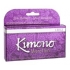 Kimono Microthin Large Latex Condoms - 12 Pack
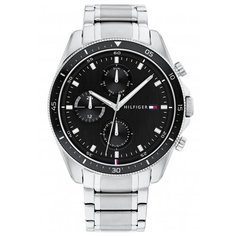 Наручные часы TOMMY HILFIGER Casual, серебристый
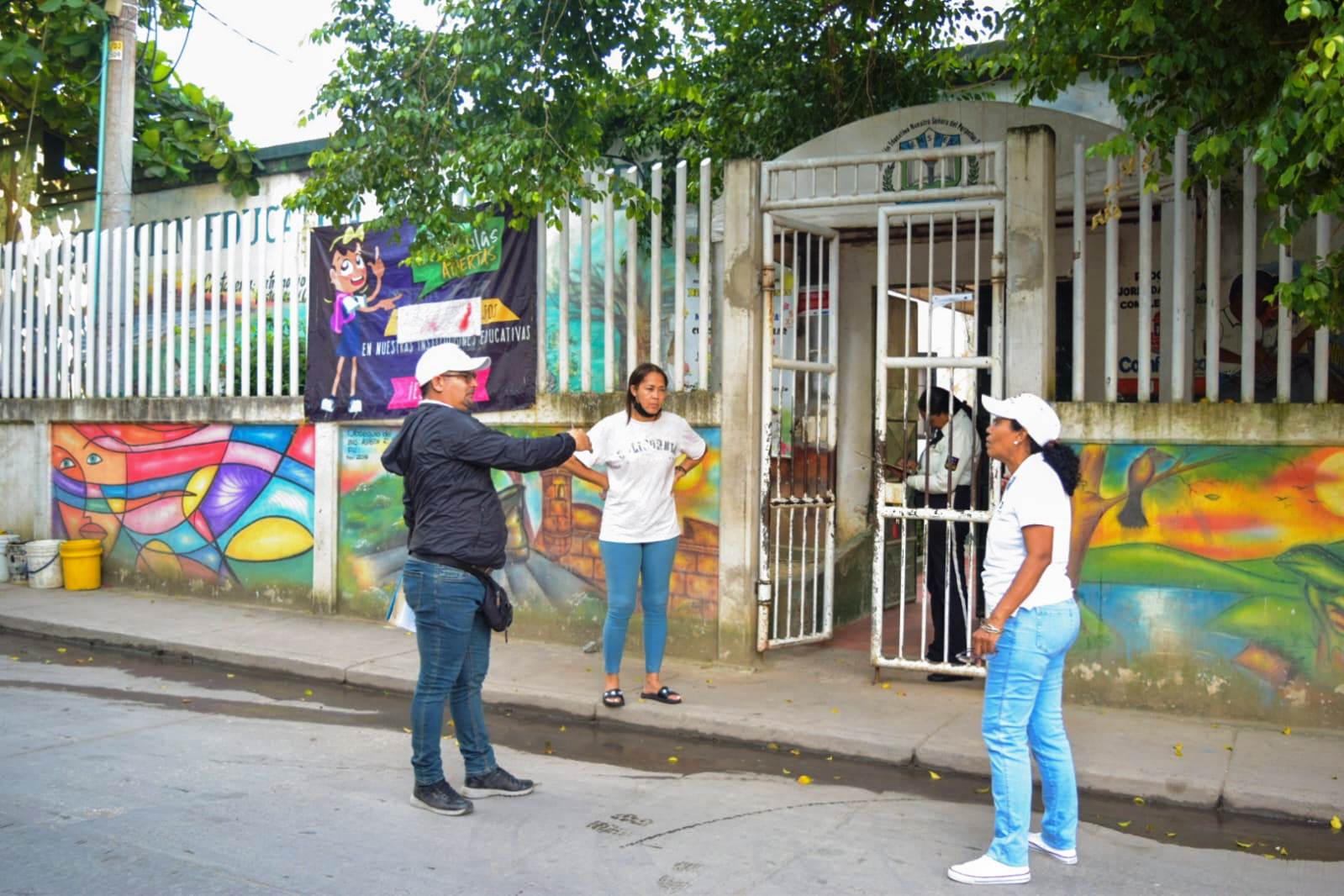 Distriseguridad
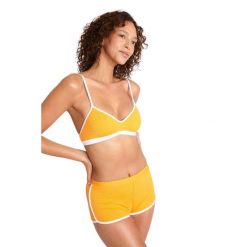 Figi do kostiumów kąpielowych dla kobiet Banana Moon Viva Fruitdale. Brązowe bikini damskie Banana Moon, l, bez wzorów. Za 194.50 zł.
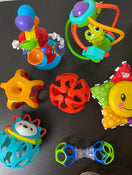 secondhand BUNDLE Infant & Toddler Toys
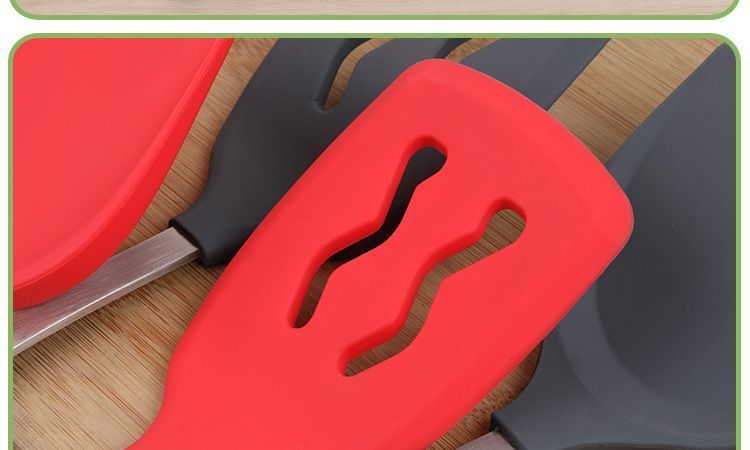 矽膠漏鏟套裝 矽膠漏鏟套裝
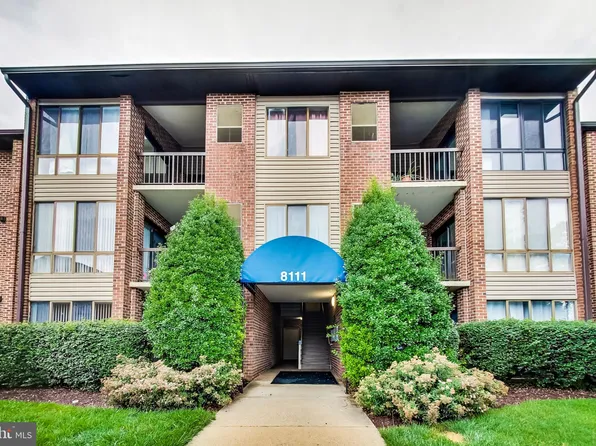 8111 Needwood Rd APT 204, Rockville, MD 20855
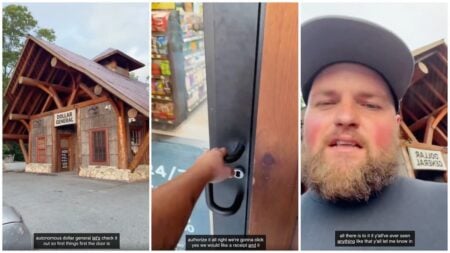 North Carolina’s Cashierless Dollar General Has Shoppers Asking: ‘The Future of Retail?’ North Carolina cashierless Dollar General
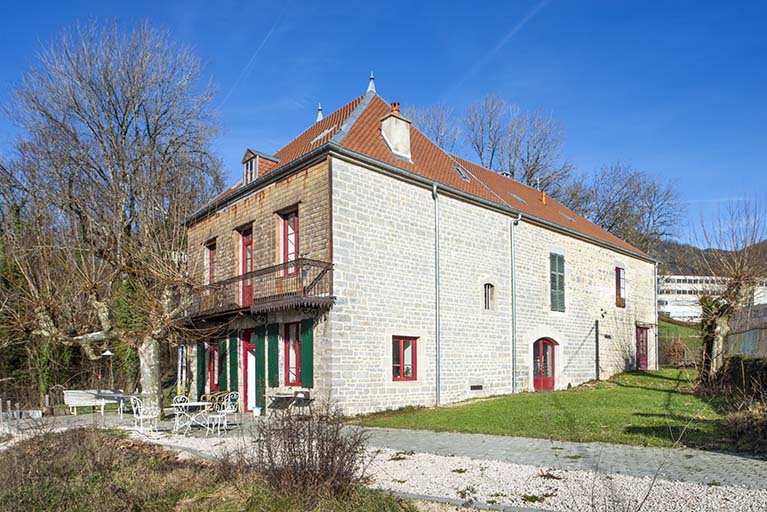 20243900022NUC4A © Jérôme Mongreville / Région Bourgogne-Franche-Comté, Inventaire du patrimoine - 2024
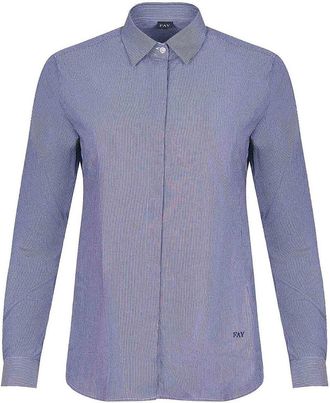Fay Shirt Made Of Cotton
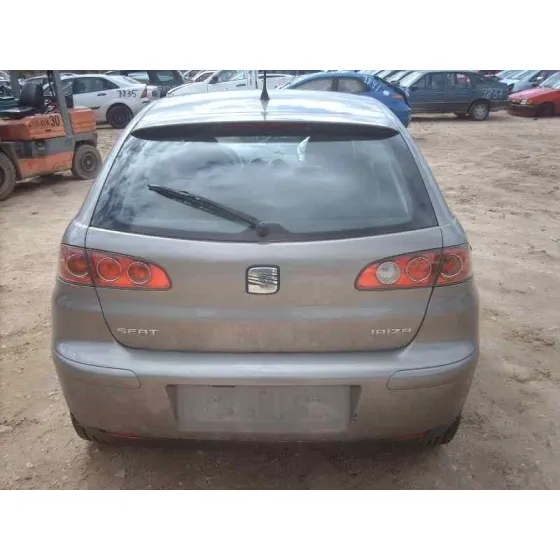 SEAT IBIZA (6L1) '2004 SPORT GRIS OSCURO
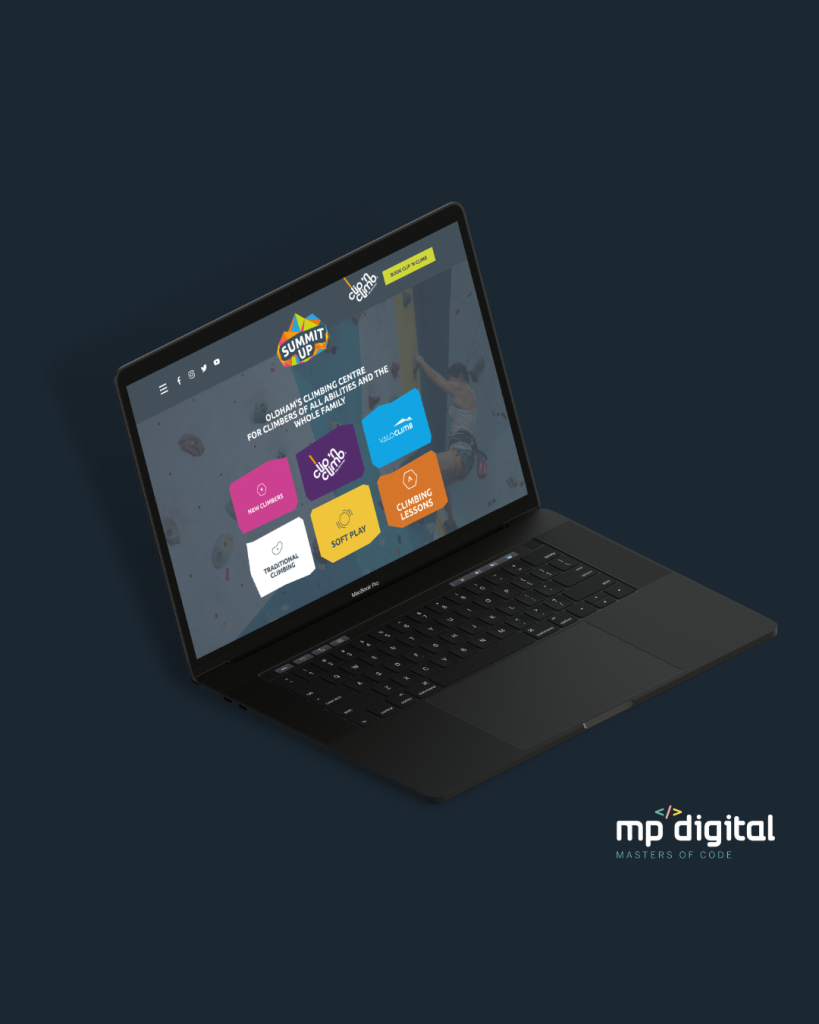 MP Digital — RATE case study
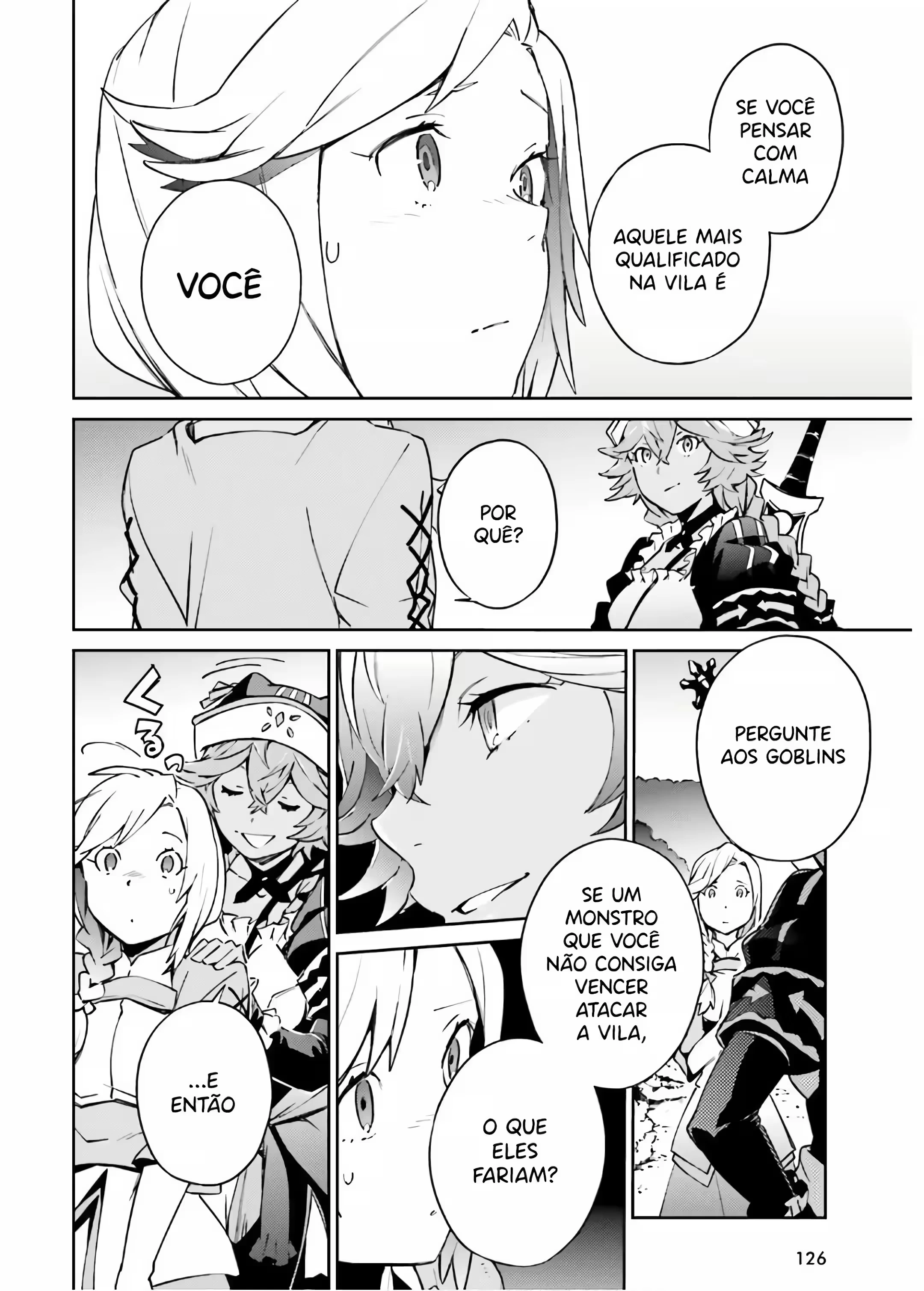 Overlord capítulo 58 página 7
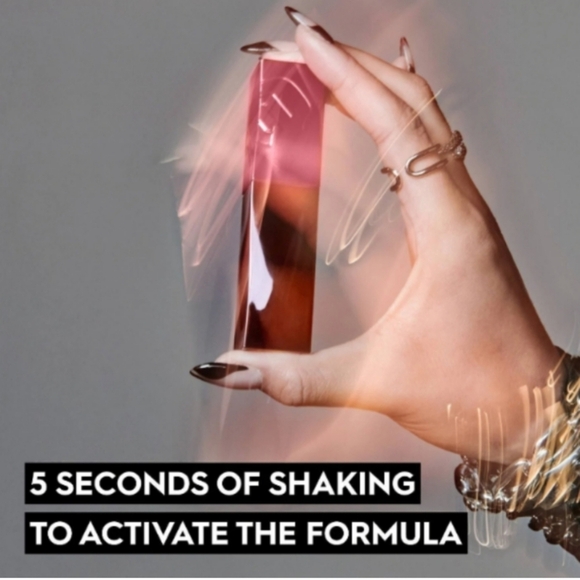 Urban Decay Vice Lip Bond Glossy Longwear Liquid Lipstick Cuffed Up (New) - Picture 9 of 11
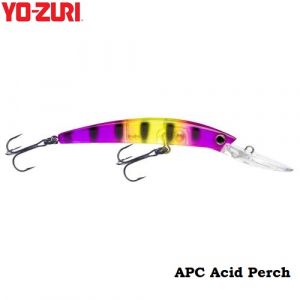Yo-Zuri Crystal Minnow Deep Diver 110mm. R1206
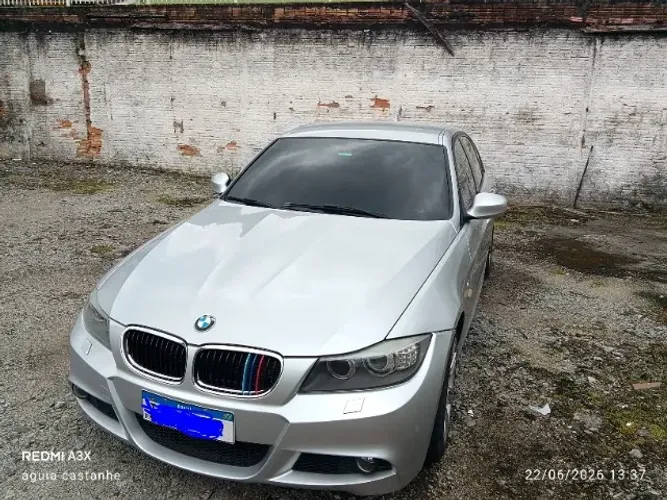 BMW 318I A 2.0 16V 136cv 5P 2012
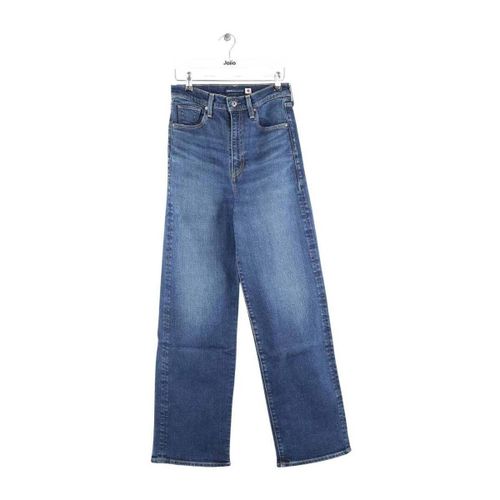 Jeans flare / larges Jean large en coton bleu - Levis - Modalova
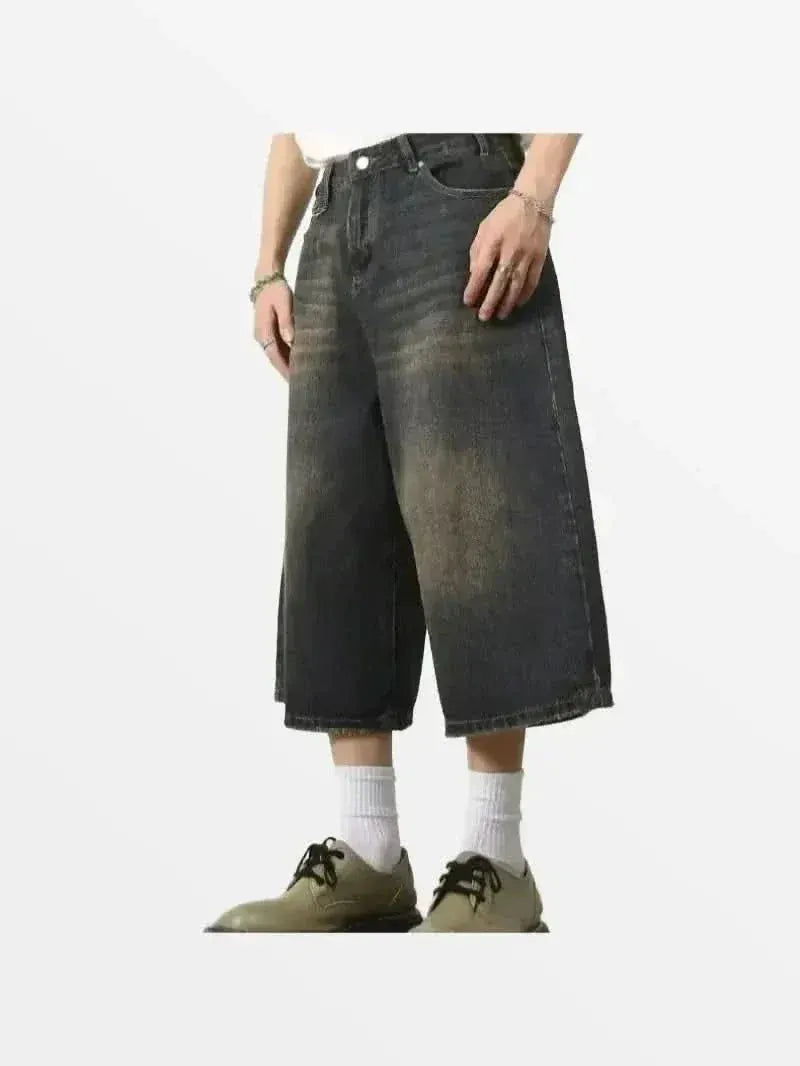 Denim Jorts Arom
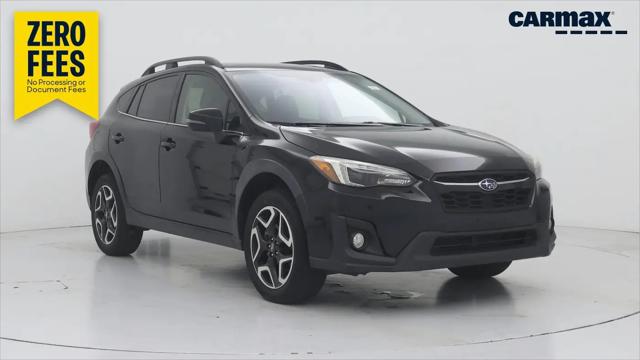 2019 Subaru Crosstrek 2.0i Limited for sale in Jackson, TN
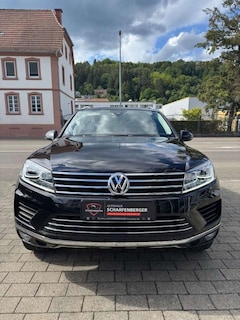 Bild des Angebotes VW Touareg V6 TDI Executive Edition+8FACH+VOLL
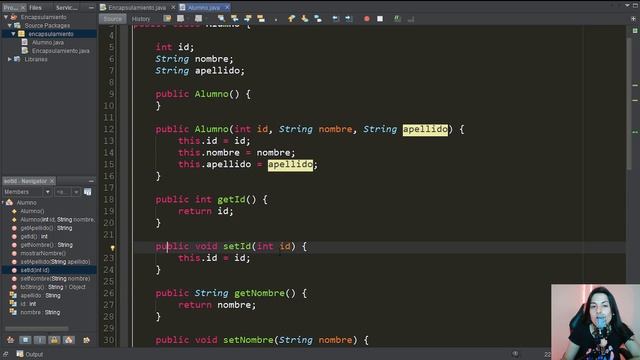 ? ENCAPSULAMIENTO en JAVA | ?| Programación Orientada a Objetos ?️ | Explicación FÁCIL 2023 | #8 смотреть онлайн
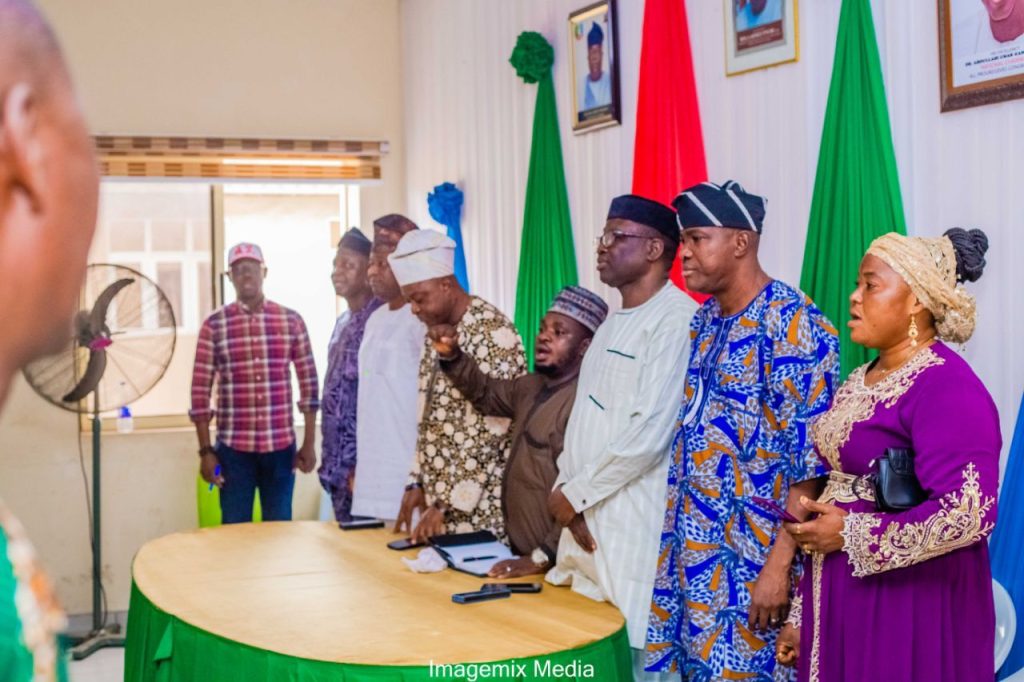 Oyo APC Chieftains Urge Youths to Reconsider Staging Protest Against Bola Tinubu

**What you have to do:** Write out, exactly as they appear, the lines from the one containing "Denim Jorts Arom" through the end of the material above, excluding pictures.

**Answer space:**
 Denim Jorts Arom
 2019 Subaru Crosstrek 2.0i Limited for sale in Jackson, TN
 Bild des Angebotes VW Touareg V6 TDI Executive Edition+8FACH+VOLL
 ? ENCAPSULAMIENTO en JAVA | ?| Programación Orientada a Objetos ?️ | Explicación FÁCIL 2023 | #8 смотреть онлайн
 Oyo APC Chieftains Urge Youths to Reconsider Staging Protest Against Bola Tinubu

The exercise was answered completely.